Task instructions - Under this line are records; the part from the line containing "Coffee machine SIEMENS" through the line containing "Квартира 30,2 м², 1-комнатная" should be repeated exactly. Please exclude pictures.

Supplied information -
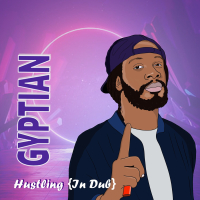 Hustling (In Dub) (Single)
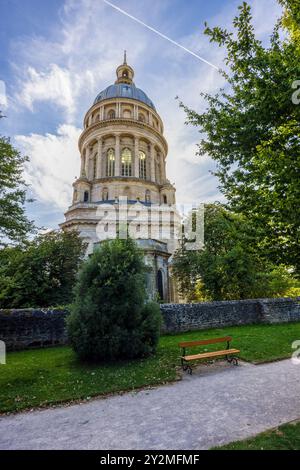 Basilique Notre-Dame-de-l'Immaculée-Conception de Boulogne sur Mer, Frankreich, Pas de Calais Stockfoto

==

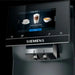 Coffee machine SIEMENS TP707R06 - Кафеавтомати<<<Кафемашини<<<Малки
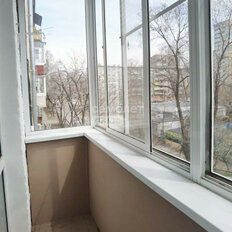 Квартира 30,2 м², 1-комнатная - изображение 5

Written response -
 Coffee machine SIEMENS TP707R06 - Кафеавтомати<<<Кафемашини<<<Малки
 Квартира 30,2 м², 1-комнатная - изображение 5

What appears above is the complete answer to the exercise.